2.1 Download Stock Data


# Download historical stock data (e.g., Apple stock)
ticker = "AAPL"
start_date = "2020-01-01"
end_date = "2024-11-19"

# Fetch data from Yahoo Finance
data = yf.download(ticker, start=start_date, end=end_date)
print(f"Data shape: {data.shape}")
print(f"nFirst few rows:n{data.head()}")
print(f"nData info:n{data.info()}")

2.2 Prepare Features & Scale Data


# Use only closing price
close_price = data['Close'].values.reshape(-1, 1)
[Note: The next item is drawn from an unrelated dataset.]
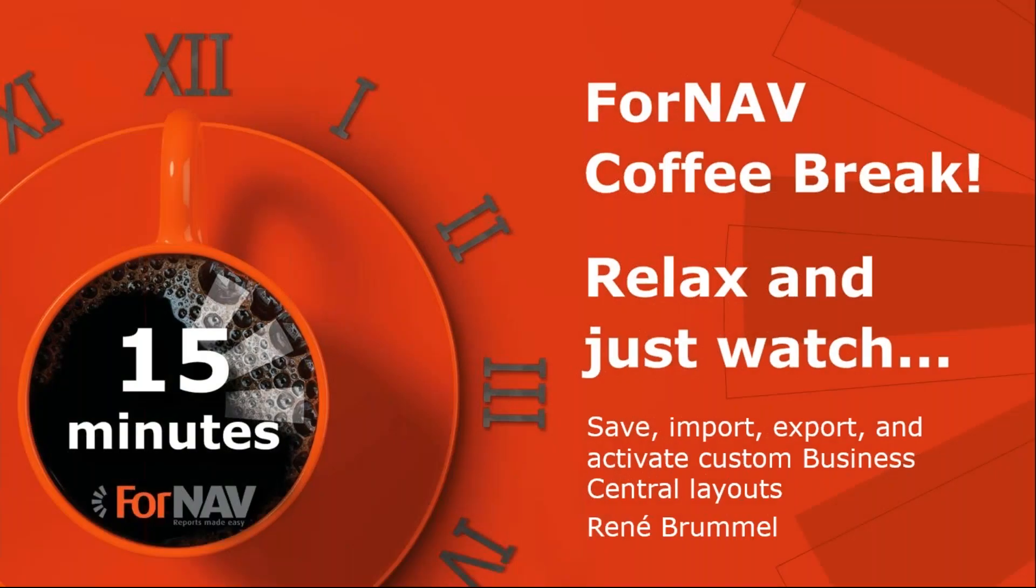Hi and welcome to this Fornav Coffee Break. My name is René Brummel. I'm a product specialist at Fornav and I will be your presenter today. As this Coffee Break is live, you can ask your questions via the GoToWebinar question window. We will answer them at the end of the Coffee Break.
# Normalize the data to range [0, 1]
scaler = MinMaxScaler(feature_range=(0, 1))
scaled_data = scaler.fit_transform(close_price)

# Visualize original vs scaled data
plt.figure(figsize=(14, 5))
plt.subplot(1, 2, 1)
plt.plot(close_price)
plt.title('Original Stock Price')
plt.xlabel('Days')
plt.ylabel('Price ($)')

plt.subplot(1, 2, 2)
plt.plot(scaled_data)
plt.title('Normalized Stock Price')
plt.xlabel('Days')
plt.ylabel('Normalized Value')
plt.tight_layout()
plt.show()

2.3 Create Training & Testing Sets


# Split data: 80% train, 20% test
train_size = int(len(scaled_data) * 0.8)
train_data = scaled_data[:train_size]
test_data = scaled_data[train_size:]

print(f"Train size: {train_size}, Test size: {len(test_data)}")

# Create sequences for LSTM
def create_sequences(data, lookback=60):
    X, y = [], []
    for i in range(lookback, len(data)):
        X.append(data[i-lookback:i, 0])
        y.append(data[i, 0])
    return np.array(X), np.array(y)

lookback = 60  # Use last 60 days to predict next day
X_train, y_train = create_sequences(train_data, lookback)
X_test, y_test = create_sequences(test_data, lookback)

print(f"X_train shape: {X_train.shape}, y_train shape: {y_train.shape}")
print(f"X_test shape: {X_test.shape}, y_test shape: {y_test.shape}")

# Reshape for LSTM [samples, timesteps, features]
X_train = X_train.reshape((X_train.shape[0], X_train.shape[1], 1))
X_test = X_test.reshape((X_test.shape[0], X_test.shape[1], 1))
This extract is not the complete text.